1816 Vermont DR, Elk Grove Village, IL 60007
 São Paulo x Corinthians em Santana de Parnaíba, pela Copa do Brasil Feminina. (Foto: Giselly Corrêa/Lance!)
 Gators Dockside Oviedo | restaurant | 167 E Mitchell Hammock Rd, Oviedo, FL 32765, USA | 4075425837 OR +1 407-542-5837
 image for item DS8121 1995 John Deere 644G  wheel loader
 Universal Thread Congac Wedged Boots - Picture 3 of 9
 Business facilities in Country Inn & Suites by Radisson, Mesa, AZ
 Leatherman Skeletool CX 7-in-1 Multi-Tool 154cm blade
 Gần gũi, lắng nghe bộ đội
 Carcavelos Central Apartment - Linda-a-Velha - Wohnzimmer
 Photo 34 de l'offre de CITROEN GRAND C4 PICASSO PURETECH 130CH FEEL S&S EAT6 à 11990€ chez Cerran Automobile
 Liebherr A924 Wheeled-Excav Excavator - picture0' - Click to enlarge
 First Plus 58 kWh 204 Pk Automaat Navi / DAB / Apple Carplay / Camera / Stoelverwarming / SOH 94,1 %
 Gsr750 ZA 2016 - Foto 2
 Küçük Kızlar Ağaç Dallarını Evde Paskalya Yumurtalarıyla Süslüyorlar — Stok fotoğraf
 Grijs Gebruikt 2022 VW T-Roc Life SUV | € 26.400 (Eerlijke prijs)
◆ ◆ ◆ ◆
▸ Task details:
An exact repeat of the lines from the one containing "Gần gũi, lắng nghe bộ đội" through the final line of the entries is the whole answer.

▸ Output below:
 Gần gũi, lắng nghe bộ đội
 Carcavelos Central Apartment - Linda-a-Velha - Wohnzimmer
 Photo 34 de l'offre de CITROEN GRAND C4 PICASSO PURETECH 130CH FEEL S&S EAT6 à 11990€ chez Cerran Automobile
 Liebherr A924 Wheeled-Excav Excavator - picture0' - Click to enlarge
 First Plus 58 kWh 204 Pk Automaat Navi / DAB / Apple Carplay / Camera / Stoelverwarming / SOH 94,1 %
 Gsr750 ZA 2016 - Foto 2
 Küçük Kızlar Ağaç Dallarını Evde Paskalya Yumurtalarıyla Süslüyorlar — Stok fotoğraf
 Grijs Gebruikt 2022 VW T-Roc Life SUV | € 26.400 (Eerlijke prijs)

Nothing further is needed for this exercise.